Também fazia parte da estratrégia da organização a publicação de editais nas vésperas de feriados, o estabelecimento de prazos bastante curtos para a apresentação de informações pelas empresas participantes, a realização de contatos prévios com empresas vencedoras – fora das páginas dos processos –, a exigência de que as empresas contratassem funcionários apenas para poderem concorrer aos contratos, e até a instituição de cláusulas que impediam a contestação dos resultados dos processos licitatórios.

“Ora, os achados na investigação indicam que a elaboração de editais com cláusulas tão restritivas tinha o claro intuito de não somente restringir a ampla participação de empresas interessadas, mas também de já direcionar o resultado de modo a favorecer determinadas empresas”, destacam os procuradores.

“Curiosamente as empresas participantes e vencedoras dos certames licitatórios realizados pela prefeitura de Belém no período analisado tinham por sócios pessoas direta ou indiretamente ligadas ao ex-senador e ex-prefeito Duciomar Costa, sem capacidade econômico-financeira compatível com o porte das licitações, dessumindo-se, então, que a licitação foi mero expediente para captar os recursos públicos”, seguem as ações do Ministério Público Federal.

Além de fraudes na contratação de empresas de pessoas ligadas ao ex-prefeito, as investigações apontam que uma delas, a construtora Metrópole – de propriedade das irmãs Elaine Baía Pereira e Ilza Baía Pereira –, recebeu repasses da Andrade Gutierrez, companhia também acusada de envolvimento em desvios de recursos da prefeitura.

Apesar de não ter funcionários em seus quadros, a Metrópole foi contratada pela prefeitura.
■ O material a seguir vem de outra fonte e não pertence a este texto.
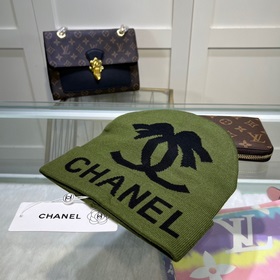 配防塵袋香奈兒CHANEL 羊絨羊毛品質針織帽，時尚好品質高端大氣，超柔軟！超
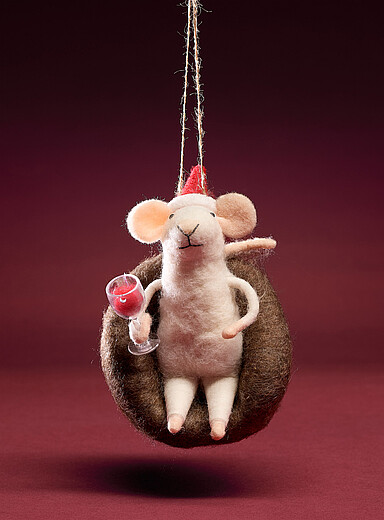 L'ornement souris &eacute;picurienne <b>Collection de No&euml;l</b>
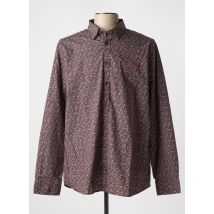 CAMBRIDGE - Chemise manches longues marron en coton - Homme - Taille XXL - Modz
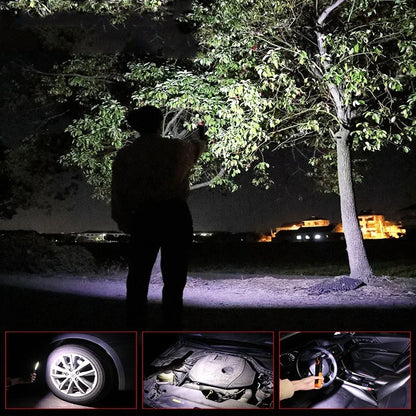 LED work light with magnet lighting maintenance flashlight Car Garage Lamp Mechanic charging COB car maintenance light with hook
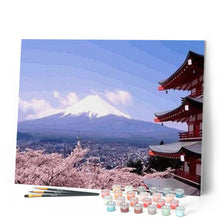 Charger l'image dans la galerie, peinture par numéros | Montagne au Japon | complexe, paysages | FiguredArt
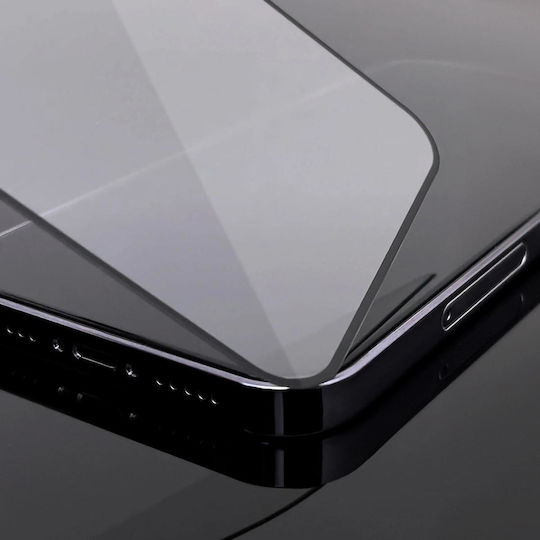 Frame Full Glue Full Face Tempered Glass Μαύρο (Moto G53 / G13 / G23)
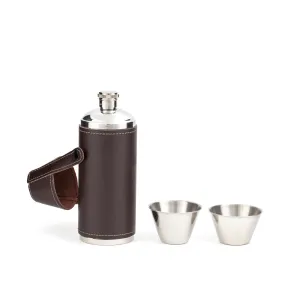 Camping Leather Flask Set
A partir daí começou a receber recursos da Andrade Gutierrez Engenharia e da Construtora Andrade Gutierrez.

Os repasses são diretamente relacionados aos períodos de acerto, licitação e contrato das obras dos projetos Portal da Amazônia e BRT, afirmam na ação os procuradores Alan Mansur e Ubiratan Cazetta.

“Os repasses foram feitos pela Andrade Gutierrez de forma gratuita à empresa Metrópole, que era de propriedade de Elaine Baía (atual companheira de Duciomar), Ilza Baía (irmã de Elaine), Adriano Andrey (genro de Duciomar) e Célio Araújo (diretamente ligado a Duciomar) para obter vantagens em licitações, acertos e contratos das obras Portal da Amazônia e BRT-Belém junto à prefeitura de Belém”, registra uma das ações.
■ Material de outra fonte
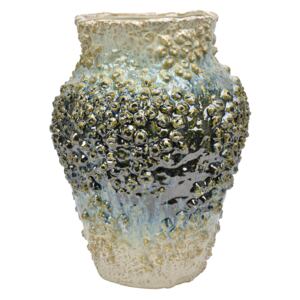 Animadecor Váza perleťová modro béžová 42 cm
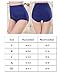 Lashapear Womens High Waist Underwear Solid Color Tummy Control Cotton Brief Panties 5 Pack, Color4, XX-Large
A partir de ação da Procuradoria da República, a Justiça Federal no Pará chegou a anular a concorrência pública realizada para selecionar a construtora do Portal da Amazônia, em que a Andrade Gutierrez saiu vencedora, mas o Tribunal Regional Federal, em Brasília, derrubou a decisão.

Na ação, o Ministério Público Federal havia denunciado que a licitação se baseou apenas em estudos preliminares, sem o rigor exigido legalmente em relação ao detalhamento da obra, e que a licitação foi realizada antes dos estudos de impacto ambiental.

No caso do BRT, licitação também vencida pela Andrade Gutierrez, a Justiça Federal acolheu o pedido do MPF e condenou o ex-prefeito e a ex-presidente da Comissão Permanente de Licitação da prefeitura Suely Costa Melo a devolver R$ 42,9 milhões aos cofres públicos, além do pagamento de multa individual de R$ 4,9 milhões.

Entre as irregularidades apontadas pela Procuradoria estavam a falta de abertura de novo prazo para recebimento de propostas após retificação do edital, ausência de recursos orçamentários que garantissem o pagamento das obrigações e incompatibilidade entre o projeto da prefeitura e o projeto do governo estadual para o trânsito da capital.

Além das ações decorrentes das investigações na Operação Forte do Castelo, o ex-prefeito responde a 15 processos na Justiça Federal e outros 13 na Justiça Estadual, a maioria por improbidade administrativa.

COM A PALAVRA, ‘DUDU’

A reportagem entrou em contato com a defesa de Duciomar Costa ‘Dudu’. O espaço está aberto para manifestação.